Sustainable tourism: The EU’s actions
Sustainable travel is a longstanding discussion topic for the European Union, particularly in relation to tourism. With this in mind, two projects for completely eco-friendly trips have emerged: The European Green Belt and Eurovelo.
In 2019, the need for decisive action to promote a more sustainable lifestyle was in the spotlight. However, within the European Union (EU), this discussion dates back to the adoption of the first international agreement on the subject of the environment. Particular emphasis is placed on transport, since this sector represents 25% of all greenhouse gas emissions.
Needless to say that transport is designed in relation to tourism, given that Europe is the destination of 50% of world tourism according to a 2017 statistic from the World Tourism Organisation. The EU is therefore involved in the discussion and funding of various projects for a more sustainable tourism model, such as cycling tourism. The spearheads of these projects are The European Green Belt and Eurovelo.

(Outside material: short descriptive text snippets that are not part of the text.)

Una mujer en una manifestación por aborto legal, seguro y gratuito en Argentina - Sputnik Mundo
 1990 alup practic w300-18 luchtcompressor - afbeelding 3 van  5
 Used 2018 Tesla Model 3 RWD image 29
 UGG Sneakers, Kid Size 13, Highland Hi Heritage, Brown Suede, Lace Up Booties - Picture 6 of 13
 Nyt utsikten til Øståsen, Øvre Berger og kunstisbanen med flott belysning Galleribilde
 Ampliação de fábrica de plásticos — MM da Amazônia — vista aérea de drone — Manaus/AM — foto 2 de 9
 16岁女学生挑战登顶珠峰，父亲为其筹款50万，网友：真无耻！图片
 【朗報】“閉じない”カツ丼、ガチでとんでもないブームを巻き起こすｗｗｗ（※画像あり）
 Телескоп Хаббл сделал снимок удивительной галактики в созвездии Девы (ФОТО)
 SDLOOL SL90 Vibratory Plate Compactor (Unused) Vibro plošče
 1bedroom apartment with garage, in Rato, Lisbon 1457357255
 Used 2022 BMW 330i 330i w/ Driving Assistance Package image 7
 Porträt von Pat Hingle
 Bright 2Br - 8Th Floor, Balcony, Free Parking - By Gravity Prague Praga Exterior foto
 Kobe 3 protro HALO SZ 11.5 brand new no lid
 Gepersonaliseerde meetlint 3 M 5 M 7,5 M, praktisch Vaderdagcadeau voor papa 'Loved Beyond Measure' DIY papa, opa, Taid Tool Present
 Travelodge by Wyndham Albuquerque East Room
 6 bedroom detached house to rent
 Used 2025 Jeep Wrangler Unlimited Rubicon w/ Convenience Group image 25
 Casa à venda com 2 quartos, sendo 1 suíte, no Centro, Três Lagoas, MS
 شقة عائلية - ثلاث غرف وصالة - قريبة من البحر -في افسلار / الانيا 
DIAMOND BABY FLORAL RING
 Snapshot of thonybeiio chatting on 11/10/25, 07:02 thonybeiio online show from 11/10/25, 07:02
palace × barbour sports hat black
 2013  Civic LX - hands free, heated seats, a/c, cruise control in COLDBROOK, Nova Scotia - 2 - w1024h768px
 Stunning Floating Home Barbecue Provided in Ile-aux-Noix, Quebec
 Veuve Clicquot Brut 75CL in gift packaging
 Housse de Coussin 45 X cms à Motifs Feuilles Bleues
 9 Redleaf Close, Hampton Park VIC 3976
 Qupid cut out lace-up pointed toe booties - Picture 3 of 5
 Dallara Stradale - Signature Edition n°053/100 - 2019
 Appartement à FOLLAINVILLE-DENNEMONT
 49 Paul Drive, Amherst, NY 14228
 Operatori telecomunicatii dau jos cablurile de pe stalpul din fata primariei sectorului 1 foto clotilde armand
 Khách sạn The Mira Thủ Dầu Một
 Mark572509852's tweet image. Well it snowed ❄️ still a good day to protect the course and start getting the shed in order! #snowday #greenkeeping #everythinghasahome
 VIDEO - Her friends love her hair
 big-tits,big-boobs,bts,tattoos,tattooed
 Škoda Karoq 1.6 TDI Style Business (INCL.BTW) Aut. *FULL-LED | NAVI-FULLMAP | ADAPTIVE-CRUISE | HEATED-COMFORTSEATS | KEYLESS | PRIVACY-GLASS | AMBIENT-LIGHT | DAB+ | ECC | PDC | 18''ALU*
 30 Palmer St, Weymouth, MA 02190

Actions Taken by the European Union
The first EU act concerning sustainable travel is, on a local level, the “Cycling: the was ahead for towns and cities” manual. This presents the main challenges of making European cities more adapted to bicycles, but also some solutions and good examples.
In 2001, the EU adopted the White Paper on transport policy. At the end of this, notes, books and plans for the development of cycling in cities can be found. In 2010, was published a memo on “Promoting bicycle usage”, a remarkable summary of the results and policies put in place in previous years.
Yet how do we transfer a project from a local level to a national, and further still, to an international level to favour a sustainable European tourism model? To achieve this ambitious objective, the EU relies on the support of local communities and associations. Indeed, their organisation is more agile and more rooted in the local area, since they are aware of any potential issues. This collaboration takes place through funding, support, promotion and recognition at a political level.
The European Green Belt
The European Green Belt is a project developed along what was the border of the Soviet Union. After the fall of the latter, the territory was abandoned by its inhabitants and was not exploited for agriculture. Nature has therefore regained its rights. This phenomenon has created habitats and landscapes that have caught the attention of biologists and historians.
In 2002, the idea of a protected and valued space was born. This initiative was formalised in 2003. Today, the Green Belt encompasses 24 states in four regional groups. It includes objectives and projects on a local, regional and global level. Of course, this region particularly values bicycles, to which the “Iron Curtain Trail” is dedicated.
This ambitious project consists of creating and developing a network of cycle lanes that should eventually cover the whole of Europe. The project is managed by the European Cyclists’ Federation. It maintains the trails, and is in charge of deciding which routes can be considered “cyclable”.
At the time of its creation in 1997, Eurovelo was composed of 12 trails. Today, there are 19, with at least one in each European country (which was one of the objectives). These routes are linked to accommodation networks specifically designed for bicycle tourists. The routes are accessible to all, regardless of their level of training, and they must meet specific safety requirements.